26 avril 2009 : brillante élection
Frédéric Hainard est élu au Conseil d’Etat neuchâtelois, terminant à la troisième position derrière Jean Studer et Gisèle Ory. Néophyte en politique, le jeune libéral-radical sera chargé du Département de l’économie.

4 mai 2010 : premières révélations
Le Matin publie un article évoquant ce qu'il nomme les "dérapages" de Frédéric Hainard. Ce dernier est notamment accusé de mener lui-même des enquêtes sur des citoyens (ce qui lui vaudra son surnom de "shérif") et de faire preuve d’intimidation durant les interrogatoires.

25 mai 2010 : CEP instituée
Le Conseil d’Etat décide d’instaurer une Commission d’enquête parlementaire (CEP) pour faire la lumière sur les agissements de Frédéric Hainard. Elle s’intéressera à plusieurs abus de pouvoir et aux circonstances du recrutement d'une amie du ministre en tant qu'inspectrice dans le Service cantonal de surveillance qui dépend du conseiller d’Etat. La CEP est chargée de remettre son rapport le 31 octobre 2010.

26 mai 2010 : prérogatives retirées
Une partie des prérogatives de Frédéric Hainard lui sont retirées afin de faciliter l’enquête.

28 mai 2010 : aveux sur vidéo
Dans la tourmente depuis des semaines, Frédéric Hainard tente de reprendre la main. Dans une vidéo publiée dans les médias, le ministre avoue entretenir une relation extra-conjugale avec une employée de son département. Il avait auparavant affirmé le contraire.

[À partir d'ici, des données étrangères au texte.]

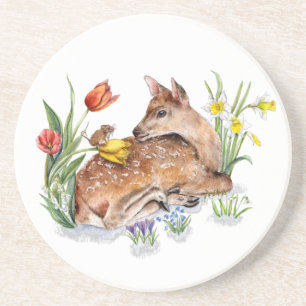 Dessous De Verre En Grès Spring Deer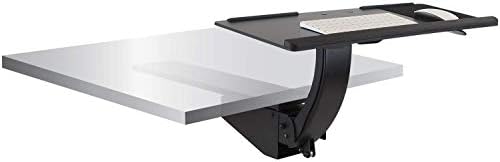 Mount-It! Under Desk Keyboard Tray, Adjustable Slide-Out Keyboard & Mouse Platform, 26.5" W × 10" D, Ergonomic Wrist Rest, Height Tilt & Swivel, Heavy-Duty Bolt-On Keyboard Drawer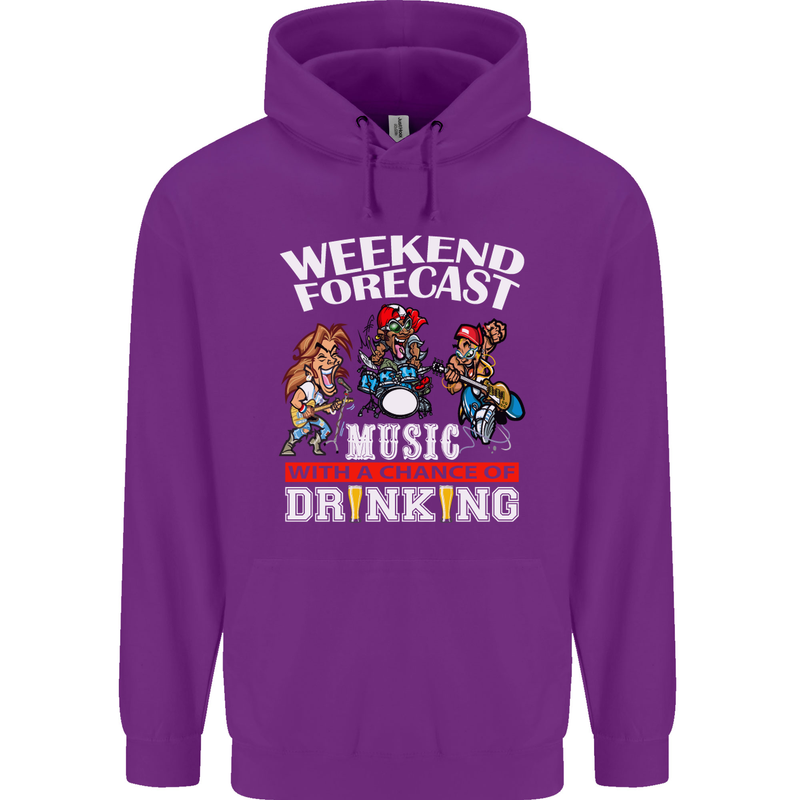 Music Weekend Funny Alcohol Beer Mens 80% Cotton Hoodie Purple
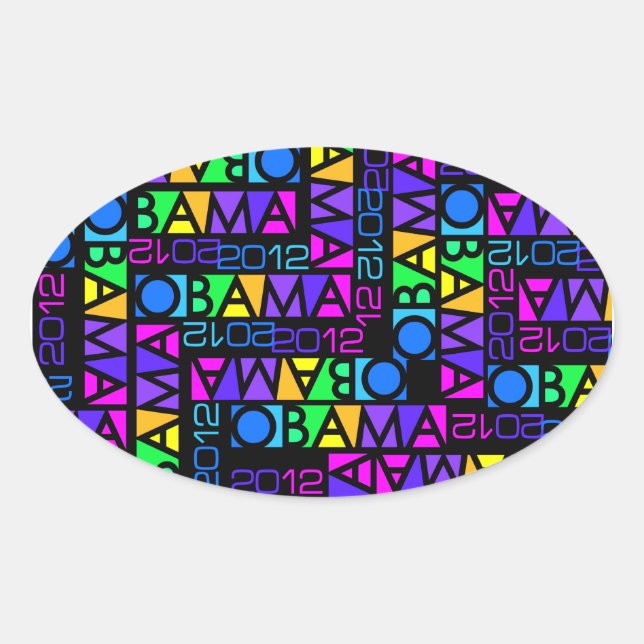 Colorful Obama 2012 stickers (Front)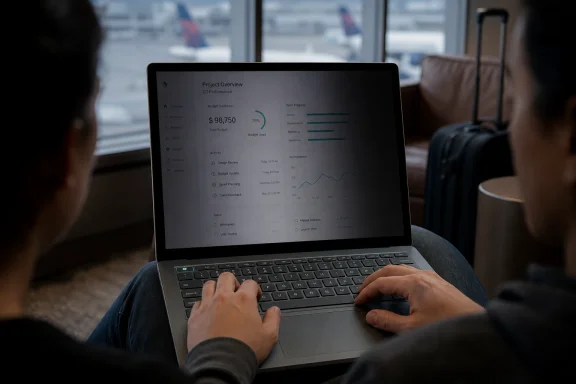 Person working on a laptop with project analytics and budget dashboard displayed in a modern office.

31 mai 2010 : soutien vacillant
Le soutien du PLR envers son conseiller d’Etat s’effrite. "Le comportement de Frédéric Hainard a fait l'objet d'une sévère mise au point", précise le parti.

25 juin 2010 : e-mails très embarrassants
Le gouvernement neuchâtelois confirme l’existence d’un échange d’e-mails très embarrassants. Frédéric Hainard a écrit au Service des ressources humaines de l'Etat en faveur de sa maîtresse pour demander qu'elle bénéficie d'une classe de salaire supérieure à celle prévue. Selon Le Temps, le Service aurait refusé, soulignant que l'intéressée avait déjà été engagée à un poste pour lequel elle n'avait pas les qualifications requises. Après ces révélations, le PS, les Verts et l’UDC exigent la démission de Frédéric Hainard.

19 août 2010 : une suspension
La maîtresse de Frédéric Hainard est suspendue de ses fonctions d’inspectrice au Service cantonal de surveillance.

20 août 2010 : premières conclusions
Les premières conclusions de la Commission d’enquête parlementaire sont transmises au Grand Conseil. Mais aucune information ne filtre sur la teneur du rapport.

23 août 2010 : démission
Frédéric Hainard annonce sa démission pour le 31 octobre.